Oh, to be one of the chosen. I guarantee this thought washes over every single person attending the Cannes Film Festival, at least at some point. It is a realization laden with ambivalence, as both an exclamation and a lament; it’s the characters in Yorgos Lanthimos’ newest feature, Kinds of Kindness, that have to grapple with a very similar in-between. What validates you can also annihilate you; no surprises here in this conclusion, since the ensnarement of human power dynamics has long fascinated the Greek writer-director. Fittingly, for his 2024 Competition entry, he has teamed up with regular collaborator Efthimis Filippou––their duet on The Lobster won them an Oscar for Best Original Screenplay––to deliver a rapturous thought experiment in three parts. Kinds of Kindness is an anthology-of-sorts, with three distinct stories that are taking place in the same fictional world in a rather nondescript American setting (New Orleans will do) and the same actors across the triptych.

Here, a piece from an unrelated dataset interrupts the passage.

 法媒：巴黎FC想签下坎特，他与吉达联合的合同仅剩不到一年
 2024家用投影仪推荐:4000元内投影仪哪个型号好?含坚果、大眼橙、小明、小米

The usual suspects (Emma Stone, Robbie Ryan, Willem Dafoe, Yorgos Mavropsaridis) join Lanthimos on this darkly humorous endeavor, with Jesse Plemons and Hong Chau now fitting the bill perfectly. All the characters face a choice between freedom and control––where control equals love, remember Dogtooth?––and one expects them to make the wrong call. In this game, everyone loses; like in life, we can at least laugh about it. So we did, at a roundtable with Lanthimos in a room somewhere in one of Cannes’ luxurious hotels, discussing Kinds of Kindness, the traps of freedom, and zero interpretations of it all.
The Film Stage: During the press conference today, Emma Stone said that you are not as intense as your films…
Yorgos Lanthimos: Yeah, that wasn’t very nice. I am an intense guy, aren’t I? [Laughs]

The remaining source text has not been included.